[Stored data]

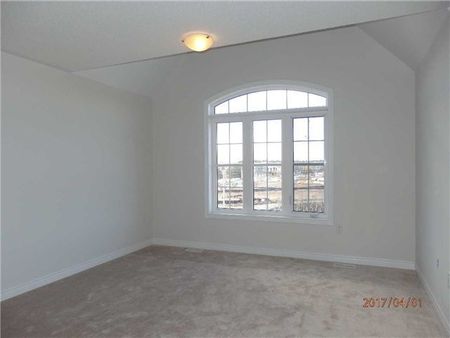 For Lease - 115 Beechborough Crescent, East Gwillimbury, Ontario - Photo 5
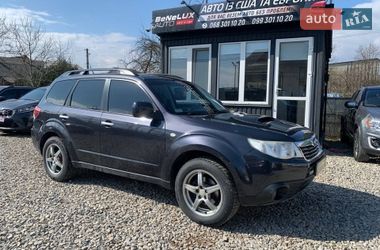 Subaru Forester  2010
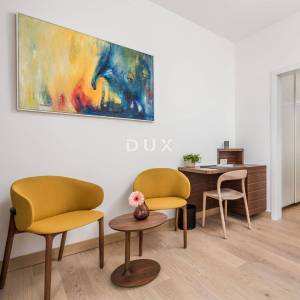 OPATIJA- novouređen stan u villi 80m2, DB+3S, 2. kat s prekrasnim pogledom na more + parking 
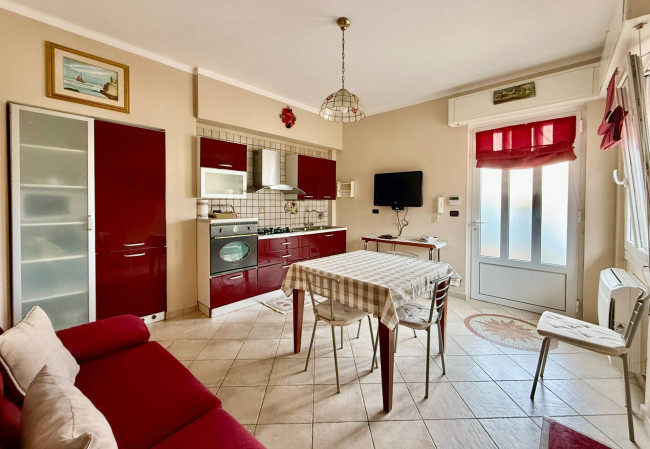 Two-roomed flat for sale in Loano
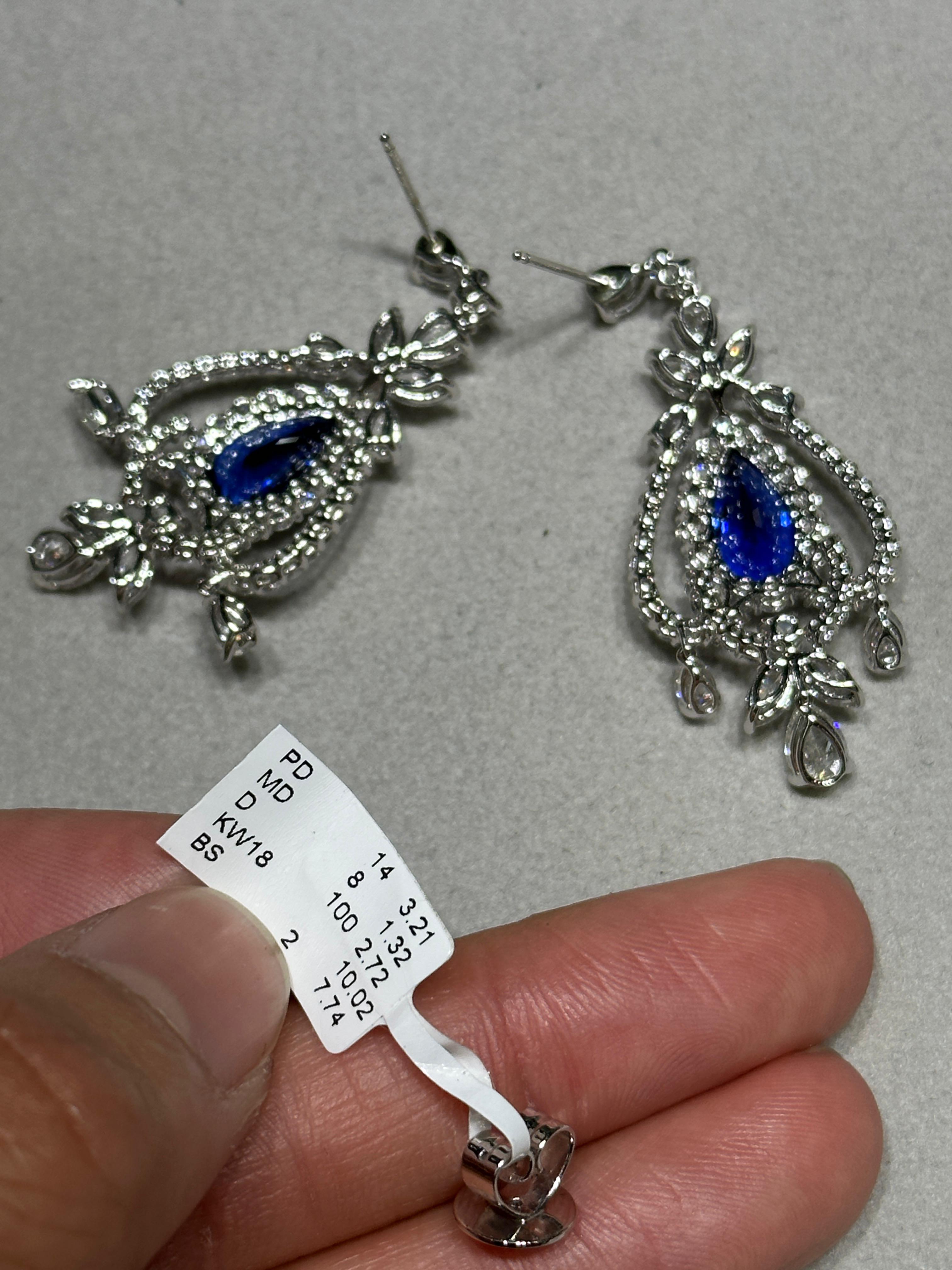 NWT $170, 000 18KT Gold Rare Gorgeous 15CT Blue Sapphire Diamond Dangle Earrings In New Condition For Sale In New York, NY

Task details:
The answer must be an exact copy of the records above, with the pictures left out.

Output of the task:
 For Lease - 115 Beechborough Crescent, East Gwillimbury, Ontario - Photo 5
 Subaru Forester  2010
 OPATIJA- novouređen stan u villi 80m2, DB+3S, 2. kat s prekrasnim pogledom na more + parking 
 Two-roomed flat for sale in Loano
 NWT $170, 000 18KT Gold Rare Gorgeous 15CT Blue Sapphire Diamond Dangle Earrings In New Condition For Sale In New York, NY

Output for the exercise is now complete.